In a short amount of time, the two men struck a deal. Walter Sturhahn located a vacant storeroom at 410 South Eighth, and he opened his store for business on Oct. 15, 1911. Eight years later, the store moved to the southeast corner of Eighth and State.
Family legend tells that Walter Sturhahn was a 17-year-old working for Thomas Brown when Brown bought the clock back in 1905.
Shortly after the announcement of an extensive remodeling of the store, circa 1920, Thomas Brown closed his business and moved his family to Chicago. The clock, anchored to the sidewalk, remained at Fifth and Broadway for the next six years, unattended. In 1926, the city fathers had determined that the clock was an eyesore, and were looking at a means of disposing of it.

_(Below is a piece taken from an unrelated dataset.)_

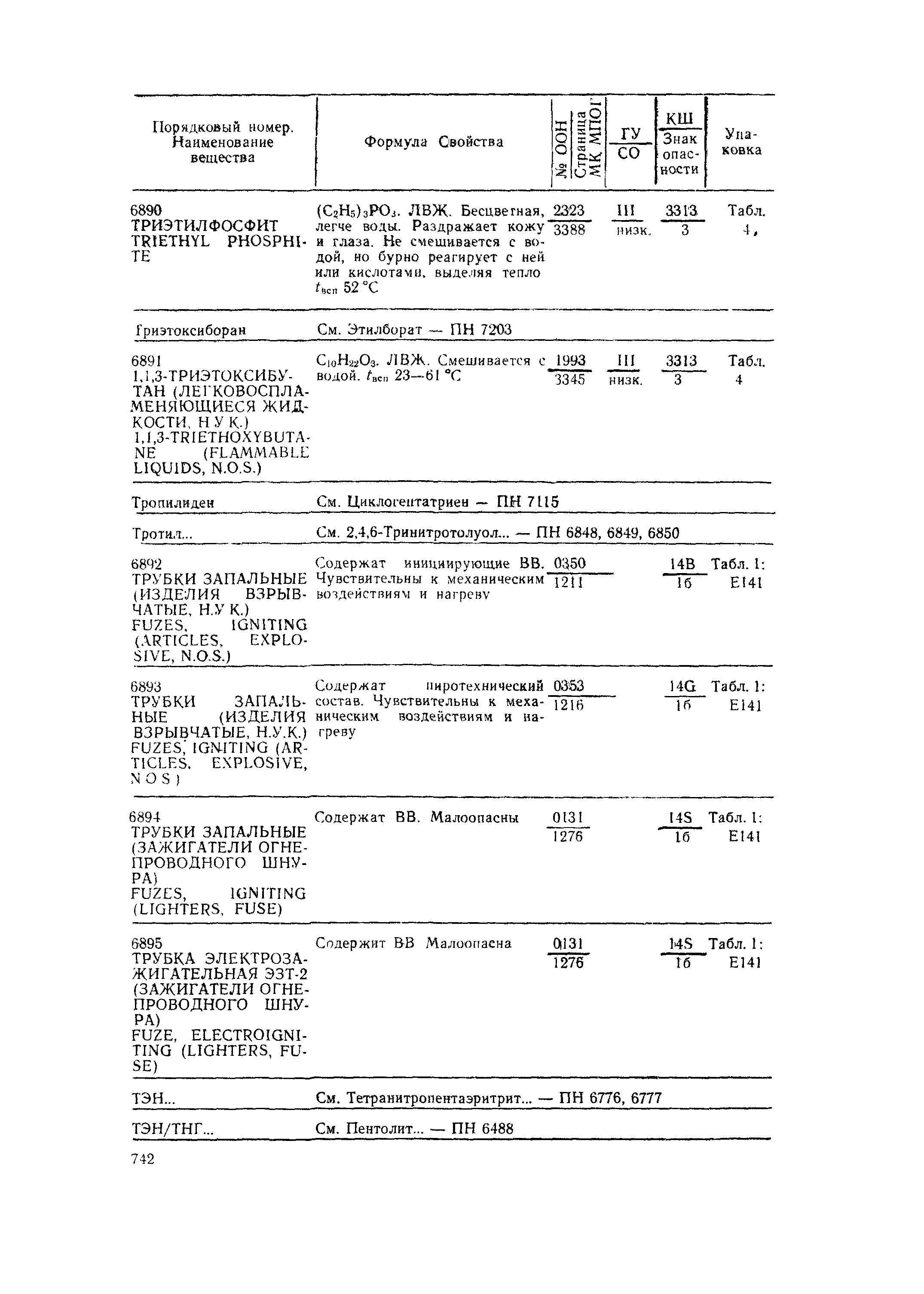 РД 31.15.01-89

Walter Sturhahn, who retained a sentimental attachment to the clock from his earliest days as a jeweler, accepted responsibility for the clock. He moved the clock, made necessary repairs, painted his own name on the faceplate, and had the clock installed in front of his business operation at State and Eighth. There it would remain until 12 years ago, when Sturhahn’s grandson relocated the business to its current site, at 2801 Broadway in Quincy.
True to tradition
Steve Sturhahn said that many repairs and changes have been made to the clock throughout the years. Conventional light bulbs were changed to fluorescent, the wooden head was replaced with fiberglass, and the silver ball that topped the clock was replaced with an eagle figurine. But one thing hasn’t changed: The clock still has its original mechanism. While many clocks of this era have been converted to electric, Steve Sturhahn still continues the family legacy of winding the clock every Monday morning.
At the same time Walter Sturhahn opened his first store, he was considering asking a young woman he had been dating for her hand in marriage.
The youngest son of Mr. and Mrs. August Sturhahn of 636 Washington St., married Miss Adelaide Lachtenberg, the daughter of Mr. and Mrs. Henry Lechtenberg, of 415 North Fourteenth street, at 5 p.m. Oct. 15, 1912, at St. Mary’s Church in Quincy.